More than 2 million Americans will quit working, reduce their hours, or stop looking for employment directly as a result of the Affordable Care Act, the Congressional Budget Office predicted this week.
It’s important to keep in mind when reading the report that the predictions come primarily from predicted changes in labor supply, not labor demand. In other words, the reduction in employment represents voluntary decisions by individuals to work less (or not work at all) as a result of the ACA.
It’s hard to comment on the specific predicted numbers (because, as a matter of policy, the CBO does not provide details on their calculations), but the basic idea that some workers will decide to leave the labor force due to the ACA is highly consistent with my own recent research studying a 2005 Medicaid reform in Tennessee. In that paper, we introduce the term “employment lock” to describe individuals who are working solely to gain access to affordable health insurance.

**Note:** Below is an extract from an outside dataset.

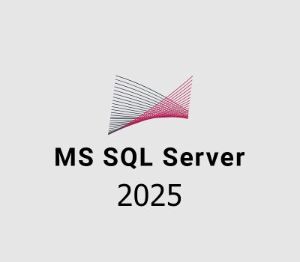 MS SQL Server 2025 Ключ
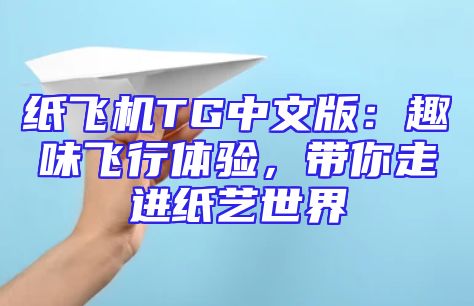 纸飞机TG中文版：趣味飞行体验，带你走进纸艺世界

Since one of the main things the ACA does is weaken the connection between employment and health insurance, it seems quite reasonable to expect that some Americans may quit working now that they no longer need to find a job in order to get access to affordable health insurance.
Is this a good or a bad thing? I think there are good arguments in both directions. My co-author Craig Garthwaite gives good arguments on both sides in a recent Marketplace piece. My own view is that the CBO predictions are necessarily sensitive to assumptions about how the labor market will be operating in the near future. If some workers drop out of labor force due to the ACA, with unemployment still fairly high (and long-term unemployment at unprecedented levels), it seems reasonable to expect that firms will be able to find qualified (and readily available) workers to take their place. In that case, the effects on aggregate employment would be minimal, and the ACA would then turn out to be more of a “job re-shuffler” than a “job killer.”